§ **Exercise prompt**
In the listing that follows, the range to quote begins at the line that has "Planet Waves Strap Lock System - Nickel" and ends after the line that has "Samurai Jeans S310SP"; quote it verbatim and add nothing.

§ **Supplied entries**
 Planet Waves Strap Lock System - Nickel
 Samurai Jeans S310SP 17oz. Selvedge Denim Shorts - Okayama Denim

...

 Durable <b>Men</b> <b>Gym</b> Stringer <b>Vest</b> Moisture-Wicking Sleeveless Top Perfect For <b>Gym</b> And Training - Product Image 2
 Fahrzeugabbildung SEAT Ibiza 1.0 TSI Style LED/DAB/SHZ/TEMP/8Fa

§ **Result below**
 Planet Waves Strap Lock System - Nickel
 Samurai Jeans S310SP 17oz. Selvedge Denim Shorts - Okayama Denim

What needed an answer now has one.